Task objective ::
Your reply should consist only of the lines from the one holding "2016 Jaguar F-TYPE R" to the last line of the data below, written out exactly and without pictures.

Pictures with short captions
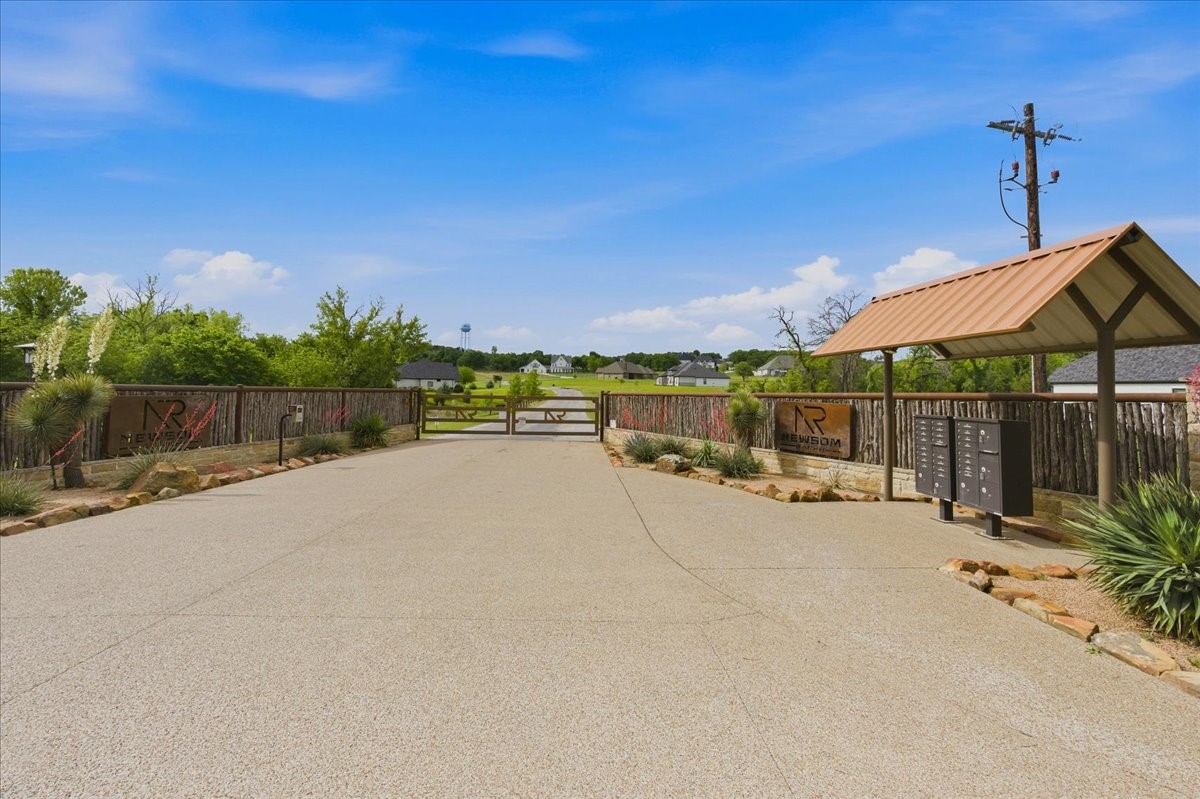 2012 Ragland Trail Azle TX 76020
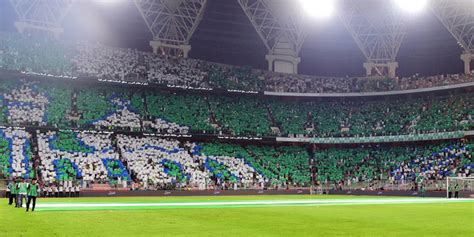 الاهلى اعظم نادى فى الكون. «تيفو» الأهلي «صلاتي حياتي» خطوة موفقة تستحق الانتشار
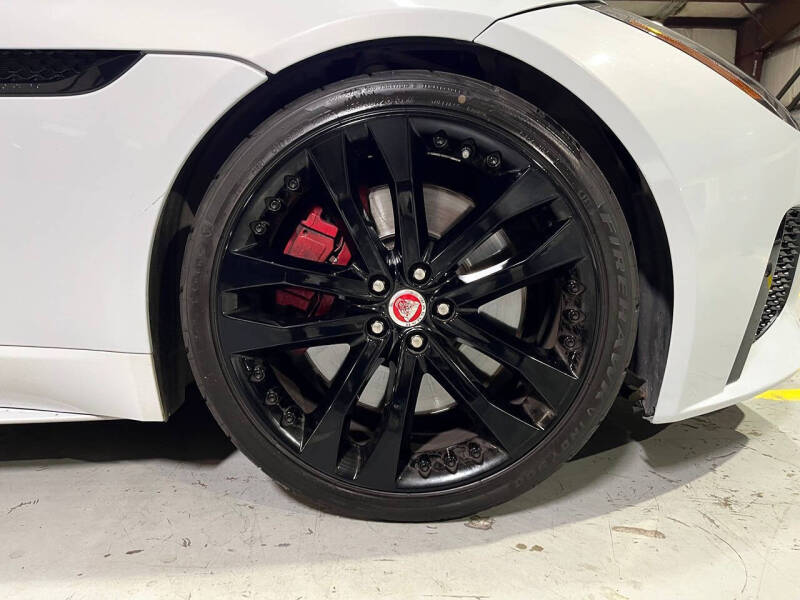 2016 Jaguar F-TYPE R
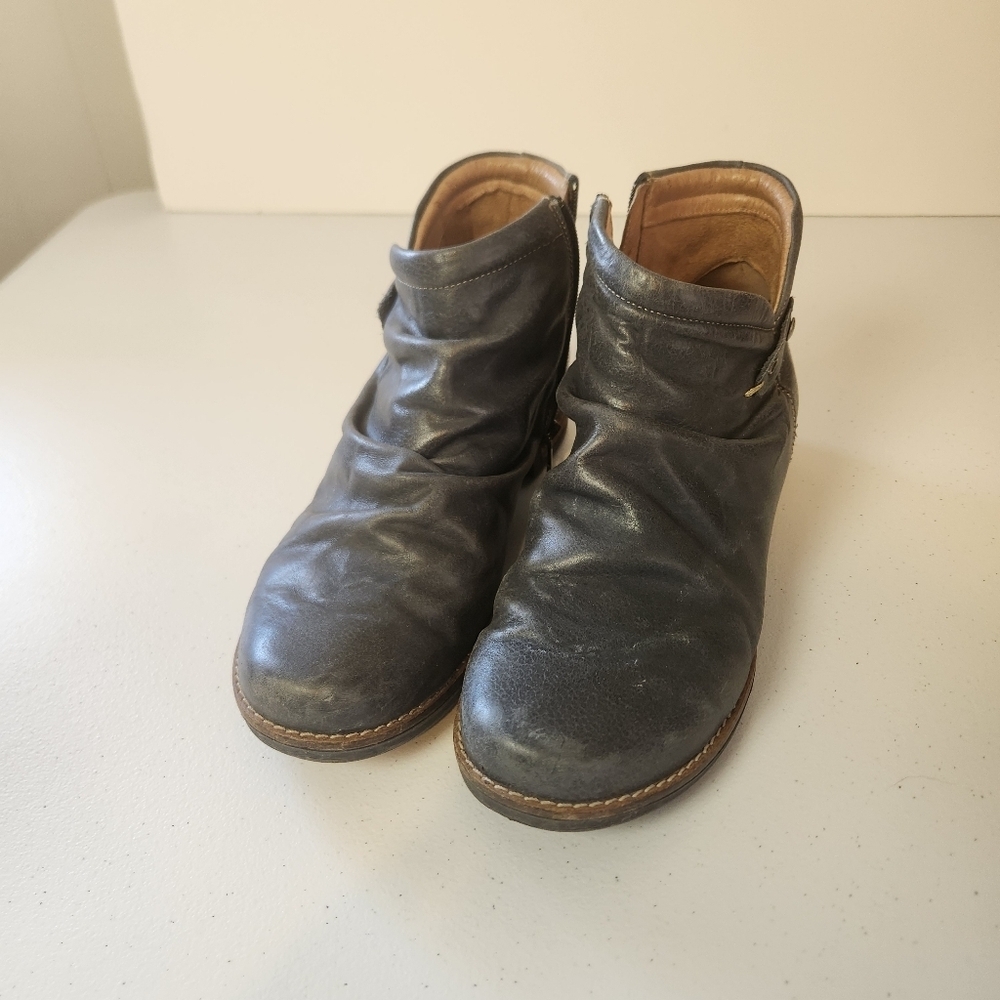 Wanda Panda Gray Leather Ankle Boots Zipper Womens size 8 EU 39 Fall Winter - Picture 3 of 8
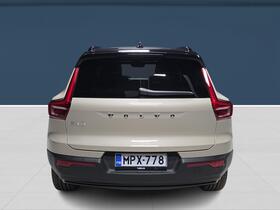 heti ajoon Volvo EX40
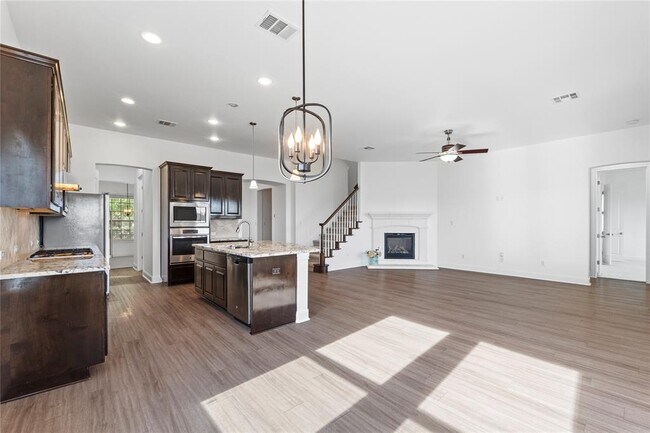 Building Photo - 4009 Benetton Way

Answer to the problem ::
 2016 Jaguar F-TYPE R
 Wanda Panda Gray Leather Ankle Boots Zipper Womens size 8 EU 39 Fall Winter - Picture 3 of 8
 heti ajoon Volvo EX40
 Building Photo - 4009 Benetton Way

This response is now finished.